2019-05-22 16:31:38 | その他
 普通このタイトルだったら手に取らないが、借りたのはカバー絵のせい。
 アンリ・ルソー≪人形を持つ少女≫ すざましい破壊力です。赤いワンピースを着て、右手に人形、左手にお花を持っている女の子の絵だと思われるが…。服装から考えると、10歳未満じゃないかな? しかし、どう見ても、髭剃りのあとが青々とした中年男性の顔なんです。ひょっとしたら、中年男が女装してるのかな? ロリコン趣味の人が、趣味が高じて、洗濯干し場から盗んできた女の子の赤い服に、むりやり自分の身体を押し込んで座ってるのかな? と真剣に考えてしまう。
 でも、この絵の題が≪人形を持つ少女≫なんだから、やっぱりモデルは女の子か。
 しかしね、この絵を「お宅のお嬢さんをモデルに描きました」なんて渡したら、親に殴られると思う。
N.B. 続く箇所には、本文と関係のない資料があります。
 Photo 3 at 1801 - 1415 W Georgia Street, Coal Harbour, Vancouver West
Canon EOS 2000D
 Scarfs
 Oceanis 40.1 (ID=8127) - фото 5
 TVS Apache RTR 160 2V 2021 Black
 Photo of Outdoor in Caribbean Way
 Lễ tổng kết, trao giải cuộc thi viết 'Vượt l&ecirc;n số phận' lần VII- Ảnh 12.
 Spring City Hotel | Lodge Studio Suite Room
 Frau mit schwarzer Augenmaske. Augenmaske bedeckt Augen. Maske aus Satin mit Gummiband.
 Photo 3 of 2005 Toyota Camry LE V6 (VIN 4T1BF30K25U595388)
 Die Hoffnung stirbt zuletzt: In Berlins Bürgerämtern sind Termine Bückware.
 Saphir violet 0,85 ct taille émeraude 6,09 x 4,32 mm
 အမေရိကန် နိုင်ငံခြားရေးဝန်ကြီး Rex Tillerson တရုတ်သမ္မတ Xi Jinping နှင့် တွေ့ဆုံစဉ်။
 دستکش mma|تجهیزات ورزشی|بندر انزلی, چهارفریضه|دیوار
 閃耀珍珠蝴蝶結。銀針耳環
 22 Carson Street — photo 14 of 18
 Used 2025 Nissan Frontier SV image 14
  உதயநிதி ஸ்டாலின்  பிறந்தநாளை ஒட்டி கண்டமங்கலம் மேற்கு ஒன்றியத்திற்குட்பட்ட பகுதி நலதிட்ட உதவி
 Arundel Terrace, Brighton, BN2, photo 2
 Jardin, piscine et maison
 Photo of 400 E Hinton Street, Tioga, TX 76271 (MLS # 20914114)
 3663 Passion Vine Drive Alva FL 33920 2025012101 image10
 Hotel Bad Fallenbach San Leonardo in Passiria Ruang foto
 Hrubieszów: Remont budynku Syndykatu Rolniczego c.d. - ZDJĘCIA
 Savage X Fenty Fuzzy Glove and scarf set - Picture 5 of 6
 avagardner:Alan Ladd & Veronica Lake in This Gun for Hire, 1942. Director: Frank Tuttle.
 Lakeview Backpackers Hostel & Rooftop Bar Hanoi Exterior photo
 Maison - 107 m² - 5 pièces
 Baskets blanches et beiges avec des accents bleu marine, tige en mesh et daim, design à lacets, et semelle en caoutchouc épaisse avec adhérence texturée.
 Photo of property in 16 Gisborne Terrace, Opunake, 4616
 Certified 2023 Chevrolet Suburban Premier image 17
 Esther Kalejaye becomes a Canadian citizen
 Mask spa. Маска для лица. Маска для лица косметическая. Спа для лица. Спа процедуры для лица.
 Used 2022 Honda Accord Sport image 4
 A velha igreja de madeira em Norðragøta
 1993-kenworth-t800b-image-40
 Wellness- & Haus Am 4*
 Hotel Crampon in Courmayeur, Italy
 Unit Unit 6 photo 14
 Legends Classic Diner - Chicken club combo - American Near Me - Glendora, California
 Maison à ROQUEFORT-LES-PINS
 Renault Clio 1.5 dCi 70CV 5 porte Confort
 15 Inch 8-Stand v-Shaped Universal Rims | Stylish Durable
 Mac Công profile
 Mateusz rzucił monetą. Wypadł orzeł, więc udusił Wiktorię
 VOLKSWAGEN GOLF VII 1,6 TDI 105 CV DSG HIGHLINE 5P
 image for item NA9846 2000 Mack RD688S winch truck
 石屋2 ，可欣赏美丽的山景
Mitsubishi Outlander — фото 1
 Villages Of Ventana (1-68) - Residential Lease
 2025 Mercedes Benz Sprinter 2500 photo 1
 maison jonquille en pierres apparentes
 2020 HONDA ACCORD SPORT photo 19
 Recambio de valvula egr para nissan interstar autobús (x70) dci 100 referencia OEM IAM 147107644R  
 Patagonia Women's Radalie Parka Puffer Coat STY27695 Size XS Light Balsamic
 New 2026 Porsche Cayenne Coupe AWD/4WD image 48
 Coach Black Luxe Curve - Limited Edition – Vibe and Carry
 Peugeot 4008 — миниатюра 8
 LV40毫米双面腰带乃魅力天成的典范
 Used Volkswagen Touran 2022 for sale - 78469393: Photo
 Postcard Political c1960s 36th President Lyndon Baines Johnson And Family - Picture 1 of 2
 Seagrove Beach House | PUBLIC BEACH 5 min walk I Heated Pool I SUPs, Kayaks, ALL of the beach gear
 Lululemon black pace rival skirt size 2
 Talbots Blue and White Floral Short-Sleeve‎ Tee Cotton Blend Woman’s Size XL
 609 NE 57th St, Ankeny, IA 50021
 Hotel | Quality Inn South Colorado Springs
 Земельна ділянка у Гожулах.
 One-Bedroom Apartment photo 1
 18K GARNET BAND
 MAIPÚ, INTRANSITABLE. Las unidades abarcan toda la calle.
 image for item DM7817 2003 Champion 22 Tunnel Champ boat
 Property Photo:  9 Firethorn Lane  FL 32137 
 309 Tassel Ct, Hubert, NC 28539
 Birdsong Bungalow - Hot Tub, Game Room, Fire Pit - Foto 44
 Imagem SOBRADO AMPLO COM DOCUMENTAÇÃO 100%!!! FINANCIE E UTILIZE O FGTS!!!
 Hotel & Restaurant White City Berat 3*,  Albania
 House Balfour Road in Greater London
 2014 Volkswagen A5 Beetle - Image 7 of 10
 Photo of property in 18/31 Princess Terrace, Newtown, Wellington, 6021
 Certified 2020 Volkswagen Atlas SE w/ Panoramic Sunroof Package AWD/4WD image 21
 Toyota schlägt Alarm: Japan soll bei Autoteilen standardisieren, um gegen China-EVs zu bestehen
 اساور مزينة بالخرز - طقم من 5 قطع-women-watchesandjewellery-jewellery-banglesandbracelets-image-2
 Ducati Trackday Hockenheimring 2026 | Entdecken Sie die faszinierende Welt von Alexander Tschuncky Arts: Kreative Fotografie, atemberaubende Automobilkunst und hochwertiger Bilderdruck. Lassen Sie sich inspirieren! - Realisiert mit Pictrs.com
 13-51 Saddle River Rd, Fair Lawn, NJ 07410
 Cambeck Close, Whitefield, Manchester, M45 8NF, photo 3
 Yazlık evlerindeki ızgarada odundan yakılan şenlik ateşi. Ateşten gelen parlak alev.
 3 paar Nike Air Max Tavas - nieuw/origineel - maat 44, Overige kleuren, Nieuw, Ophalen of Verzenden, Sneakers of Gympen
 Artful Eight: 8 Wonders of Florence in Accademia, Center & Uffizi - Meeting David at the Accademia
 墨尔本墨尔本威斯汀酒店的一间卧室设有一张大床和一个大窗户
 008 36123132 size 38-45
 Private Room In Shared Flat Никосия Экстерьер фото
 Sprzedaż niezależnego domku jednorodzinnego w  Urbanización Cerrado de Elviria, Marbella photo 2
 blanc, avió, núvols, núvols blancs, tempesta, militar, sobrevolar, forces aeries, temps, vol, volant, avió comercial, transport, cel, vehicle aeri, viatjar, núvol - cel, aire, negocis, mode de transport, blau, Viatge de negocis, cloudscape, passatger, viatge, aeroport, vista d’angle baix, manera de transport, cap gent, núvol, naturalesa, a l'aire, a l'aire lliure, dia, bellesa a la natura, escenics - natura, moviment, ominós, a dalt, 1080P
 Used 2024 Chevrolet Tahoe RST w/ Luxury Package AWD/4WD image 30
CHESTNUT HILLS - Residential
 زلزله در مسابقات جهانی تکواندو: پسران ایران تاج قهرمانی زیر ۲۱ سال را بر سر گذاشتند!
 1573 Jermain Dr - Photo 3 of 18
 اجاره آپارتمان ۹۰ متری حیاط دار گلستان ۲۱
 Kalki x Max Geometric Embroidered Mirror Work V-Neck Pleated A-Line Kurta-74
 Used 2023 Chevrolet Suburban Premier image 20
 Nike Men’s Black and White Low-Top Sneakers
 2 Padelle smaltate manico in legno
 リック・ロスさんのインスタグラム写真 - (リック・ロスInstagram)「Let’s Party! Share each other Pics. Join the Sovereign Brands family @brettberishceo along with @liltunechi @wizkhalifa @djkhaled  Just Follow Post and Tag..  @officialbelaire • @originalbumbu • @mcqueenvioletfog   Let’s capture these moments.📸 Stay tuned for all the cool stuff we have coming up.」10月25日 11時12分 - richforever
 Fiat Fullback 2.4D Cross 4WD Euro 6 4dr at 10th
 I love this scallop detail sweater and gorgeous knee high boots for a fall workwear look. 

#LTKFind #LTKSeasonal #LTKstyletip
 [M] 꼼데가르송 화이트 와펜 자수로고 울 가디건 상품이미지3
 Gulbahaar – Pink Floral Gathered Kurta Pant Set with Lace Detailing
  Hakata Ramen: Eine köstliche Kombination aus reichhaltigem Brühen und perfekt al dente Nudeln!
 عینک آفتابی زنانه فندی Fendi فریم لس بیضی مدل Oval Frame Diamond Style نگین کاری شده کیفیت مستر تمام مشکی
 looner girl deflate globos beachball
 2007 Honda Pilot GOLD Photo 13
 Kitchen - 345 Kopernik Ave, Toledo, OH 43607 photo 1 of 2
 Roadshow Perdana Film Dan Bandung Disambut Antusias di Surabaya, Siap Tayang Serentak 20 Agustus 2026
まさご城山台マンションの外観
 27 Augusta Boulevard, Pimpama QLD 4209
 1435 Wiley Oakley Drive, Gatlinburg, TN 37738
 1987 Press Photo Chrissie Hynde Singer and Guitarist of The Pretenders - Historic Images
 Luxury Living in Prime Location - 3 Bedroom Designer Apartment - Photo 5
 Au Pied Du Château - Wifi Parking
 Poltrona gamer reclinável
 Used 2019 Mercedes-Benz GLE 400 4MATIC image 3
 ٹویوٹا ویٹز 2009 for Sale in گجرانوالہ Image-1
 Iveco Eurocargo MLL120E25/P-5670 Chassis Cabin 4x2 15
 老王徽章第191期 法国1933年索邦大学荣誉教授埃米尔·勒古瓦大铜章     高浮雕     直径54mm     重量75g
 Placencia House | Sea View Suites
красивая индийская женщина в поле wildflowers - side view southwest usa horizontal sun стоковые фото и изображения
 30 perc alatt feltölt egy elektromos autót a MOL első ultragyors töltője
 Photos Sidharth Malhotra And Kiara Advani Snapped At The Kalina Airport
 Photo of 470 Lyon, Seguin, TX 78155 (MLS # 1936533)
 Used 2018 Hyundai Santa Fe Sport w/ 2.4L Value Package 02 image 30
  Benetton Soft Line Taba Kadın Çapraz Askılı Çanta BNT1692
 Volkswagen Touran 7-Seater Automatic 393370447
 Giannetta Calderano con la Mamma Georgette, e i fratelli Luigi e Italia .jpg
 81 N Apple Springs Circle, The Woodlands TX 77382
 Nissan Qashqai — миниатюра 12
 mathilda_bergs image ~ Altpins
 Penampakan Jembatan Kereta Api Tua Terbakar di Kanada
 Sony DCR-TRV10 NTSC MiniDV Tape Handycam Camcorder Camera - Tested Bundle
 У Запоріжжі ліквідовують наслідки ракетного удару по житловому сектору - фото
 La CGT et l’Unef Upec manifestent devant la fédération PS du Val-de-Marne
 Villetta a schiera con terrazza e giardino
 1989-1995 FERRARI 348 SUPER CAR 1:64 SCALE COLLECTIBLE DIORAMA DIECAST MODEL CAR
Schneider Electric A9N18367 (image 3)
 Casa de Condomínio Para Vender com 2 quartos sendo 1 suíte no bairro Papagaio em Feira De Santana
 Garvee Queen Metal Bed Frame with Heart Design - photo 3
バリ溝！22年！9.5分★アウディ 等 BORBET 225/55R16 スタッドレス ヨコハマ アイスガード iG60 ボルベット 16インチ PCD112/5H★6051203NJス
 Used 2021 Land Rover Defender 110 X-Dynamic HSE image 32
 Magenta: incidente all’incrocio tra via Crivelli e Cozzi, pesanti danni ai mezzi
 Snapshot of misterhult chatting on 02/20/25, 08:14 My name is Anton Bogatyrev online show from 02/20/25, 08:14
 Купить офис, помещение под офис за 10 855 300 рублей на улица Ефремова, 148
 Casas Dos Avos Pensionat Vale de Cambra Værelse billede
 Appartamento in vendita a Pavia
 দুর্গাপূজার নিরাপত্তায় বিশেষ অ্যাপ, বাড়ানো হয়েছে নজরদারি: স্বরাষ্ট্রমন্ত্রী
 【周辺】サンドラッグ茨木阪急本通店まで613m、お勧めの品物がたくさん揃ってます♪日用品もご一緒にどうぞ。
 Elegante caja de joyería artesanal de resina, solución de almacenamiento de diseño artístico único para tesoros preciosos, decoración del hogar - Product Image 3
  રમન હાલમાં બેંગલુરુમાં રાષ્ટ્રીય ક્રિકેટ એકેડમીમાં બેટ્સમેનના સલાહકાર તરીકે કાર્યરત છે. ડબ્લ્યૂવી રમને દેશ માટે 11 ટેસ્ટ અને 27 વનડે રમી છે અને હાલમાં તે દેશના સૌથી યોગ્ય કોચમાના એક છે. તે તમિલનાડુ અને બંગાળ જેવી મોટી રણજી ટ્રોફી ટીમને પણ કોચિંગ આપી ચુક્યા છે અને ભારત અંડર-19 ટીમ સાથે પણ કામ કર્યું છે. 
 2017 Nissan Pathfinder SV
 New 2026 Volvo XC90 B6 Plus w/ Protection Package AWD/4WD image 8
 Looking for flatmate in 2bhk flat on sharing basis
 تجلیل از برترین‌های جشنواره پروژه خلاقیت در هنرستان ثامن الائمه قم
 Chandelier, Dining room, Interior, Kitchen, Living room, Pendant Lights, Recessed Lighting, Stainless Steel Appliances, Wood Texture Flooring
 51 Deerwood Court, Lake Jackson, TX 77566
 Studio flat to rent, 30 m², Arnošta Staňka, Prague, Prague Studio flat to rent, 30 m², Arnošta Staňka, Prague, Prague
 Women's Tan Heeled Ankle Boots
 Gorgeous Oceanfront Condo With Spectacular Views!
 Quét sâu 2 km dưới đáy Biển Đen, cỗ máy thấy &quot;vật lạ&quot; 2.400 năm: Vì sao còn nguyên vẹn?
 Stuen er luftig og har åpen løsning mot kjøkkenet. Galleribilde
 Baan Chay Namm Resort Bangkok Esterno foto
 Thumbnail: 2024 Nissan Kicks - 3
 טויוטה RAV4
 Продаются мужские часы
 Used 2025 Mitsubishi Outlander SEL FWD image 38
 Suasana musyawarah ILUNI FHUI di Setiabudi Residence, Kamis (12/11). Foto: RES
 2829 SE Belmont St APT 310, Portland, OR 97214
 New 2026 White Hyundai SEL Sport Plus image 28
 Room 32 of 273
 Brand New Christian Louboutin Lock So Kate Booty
 アンリ・ルソーを見出したのはピカソらしいが、絵がうますぎる人は、こういった素人画家の素朴さに感動するらしい。ピカソが素晴らしいと言わなければ、この絵はオランジュリー美術館に飾られておらず、焚き物として燃やされていただろう。


 この本の中には、いろんな画家のヘンな西洋画が載ってるけど、やはりアンリ・ルソーは突出している。ルソーの作品は他にも≪岩の上の少年≫ ≪赤ん坊のお祝い≫ ≪ジェニエ爺さんの馬車≫ ≪田舎の結婚式≫ ≪マダムMの肖像≫ などなと人物画が多いが、決してモデルには喜ばれていないね。断定できる。でも≪マダムMの肖像≫だけは、バランス悪いけど、シックな黒のドレスで、素敵な女主人に描けている。
 ≪餓えたライオン≫は、場所はどう見てもサバンナや砂漠ではないし、ライオンに襲われる動物もカバ?イノシシ?何だか分からない。つまりメチャクチャなんだけど、植物や樹木の描き方が装飾的で、色もキレイなので、(アンリ・ルソーにしては)素敵な絵だと思う。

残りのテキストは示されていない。